Ask Jeeves today becomes the latest search engine to join the battle to organize the disparate information spread across users' computers.

The Oakland, CA-based search engine plans to release a test version of a free downloadable application that lets users search their computers for files, e-mails, photos, videos and various Microsoft Office documents.

The release of Ask Jeeves Desktop Search comes just two days after Microsoft announced the beta release of an MSN desktop search toolbar. Yahoo said last Friday it would release a desktop search tool through a partnership with X1 Technologies.

The flurry of activity in desktop search follows Google's introduction of Google Desktop in October.

Daniel Reade, vice president of product management at Ask Jeeves, said many of the releases and announcements were an effort to keep up in the search arms race. Ask Jeeves announced its desktop plans in June, when it acquired desktop search firm Tuckaroo.

“To be a major search player going forward, you're going to need all the access points to search,” he said. He thinks users eventually will access search engines through the Web, browser toolbars, desktop search applications and mobile devices.

For now, the economic rationale of desktop search is unclear. Google, Yahoo and MSN representatives have said their products will drive consumer loyalty, which will bring financial benefits through more clicks on paid listings. Ask Jeeves will not show paid listings for desktop searches, though the tool can be used for Web queries, which carry advertiser links from Ask Jeeves' partner Google.

“At the moment we're not that concerned about monetizing it,” Reade said. “When you create great functionality, monetization follows.”

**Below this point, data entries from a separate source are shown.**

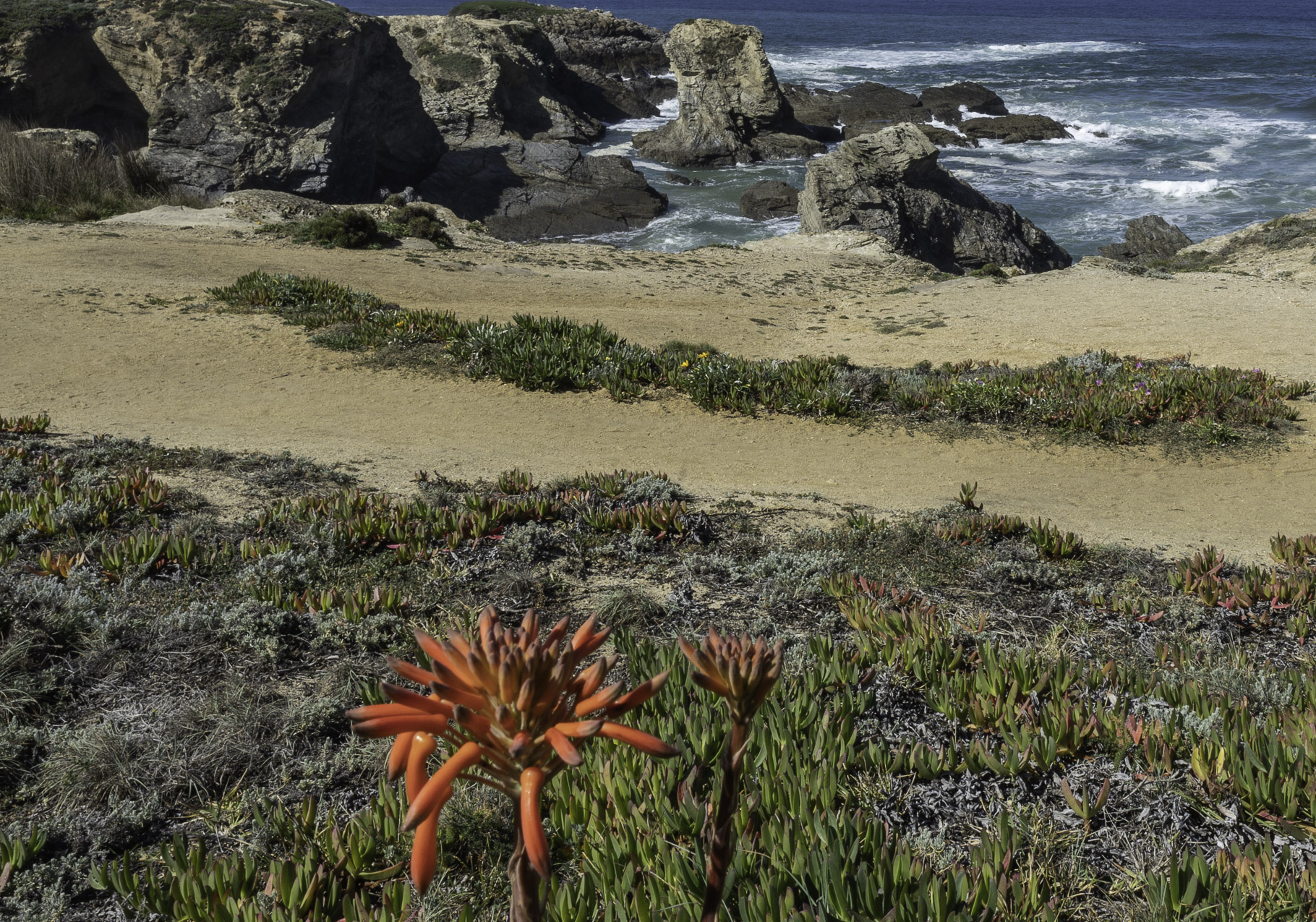 Bild: Blumen an den Stränden von Porto Covo in Portugal 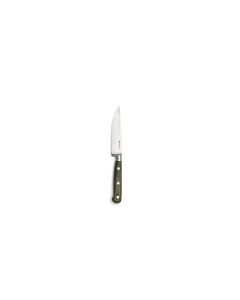 Comas Coltello Bistecca Pakka Verde - Confezione 6 pezzi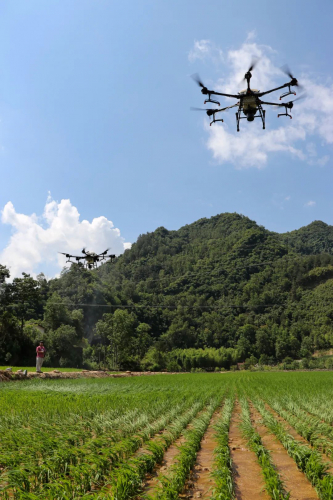 高大上！汉滨农民用无人机给水稻施肥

Google arguably has gone the furthest to monetize desktop searches by integrating desktop results with its Web search, instead of providing a separate application like the other search engines. Google has said such an approach gives users a full view of their information, both online and offline. It also carries paid listings.

Microsoft hopes to use its control of the operating system and the main document types in its Office suite to integrate its desktop search seamlessly throughout a user's computing experience. MSN recently released a test version of its own Web search engine.

“We will look at other ways to distribute it, and I think you can assume we'll have it pretty broadly distributed,” Yusuf Mehdi, corporate vice president at MSN, said on a conference call Monday.

Reade readily acknowledged Microsoft has a distinct advantage with its control of the desktop, yet he thinks the desktop search market will evolve with a number of options.

“Microsoft has an asset there to leverage and use,” he said. “However, people want choice in the market.”

Ask Jeeves positions its desktop search tool as more user friendly than offerings from competitors. It lets users control the speed of the indexing and which files are cataloged. The tool is integrated with common Windows dialogue boxes. For example, when opening a folder, an Ask Jeeves Desktop Search box appears for quick searching. The tool also can draw on My Jeeves, Ask Jeeves' personalization feature that lets users save and search Internet sites they have visited.

Mehdi and Reade agree that the desktop search market is just getting off the ground, with few people using the available tools.

“It's early in the game,” Reade said. “It's no good trying to monetize something people don't use.”